TASK GOAL
Please return the listing exactly as written, but without its pictures.

RECORDED DATA
+ + + + + + +

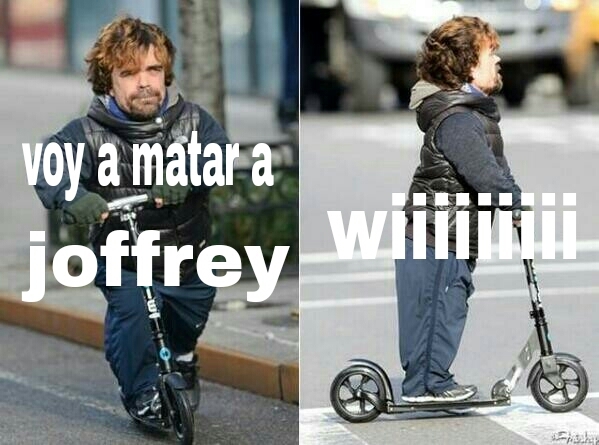 Tyrion Lannister - meme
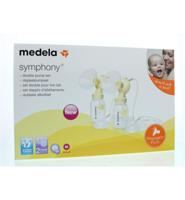 Medela Personalfit Plus Dubbelz. Afkolfset M 24mm - thumbnail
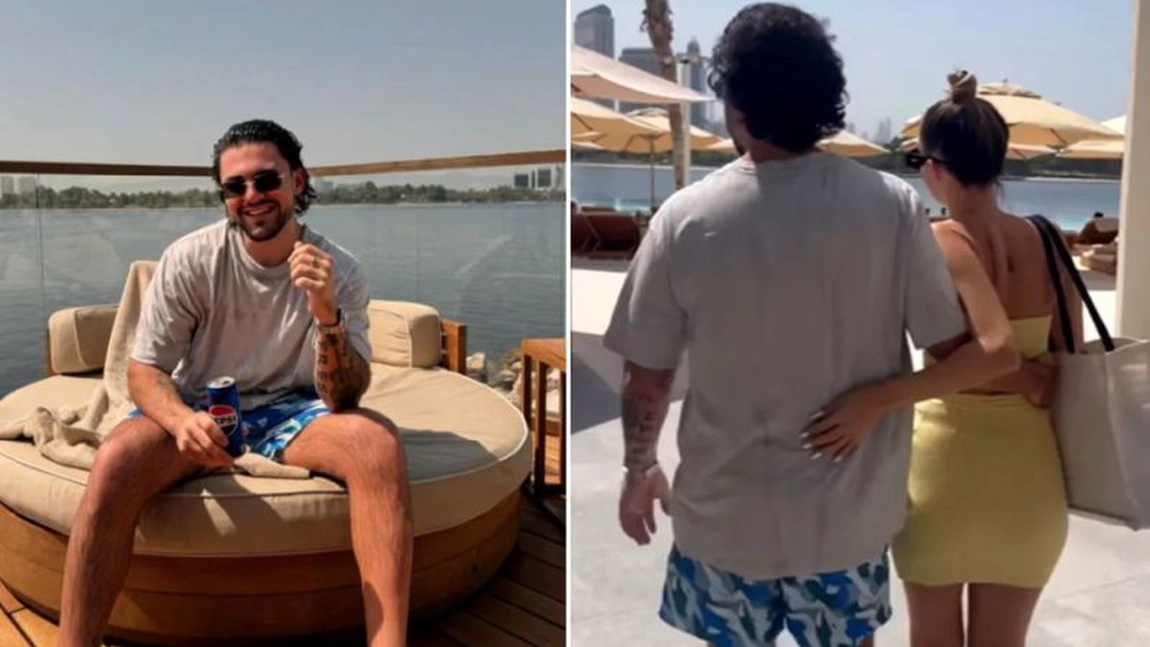 Cu cine a plecat Mario Fresh în Dubai, după despărțirea de Alexia Eram: ”Mă mut aici!”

+ + + + + + +

ANSWER
 Tyrion Lannister - meme
 Medela Personalfit Plus Dubbelz. Afkolfset M 24mm - thumbnail
 Cu cine a plecat Mario Fresh în Dubai, după despărțirea de Alexia Eram: ”Mă mut aici!”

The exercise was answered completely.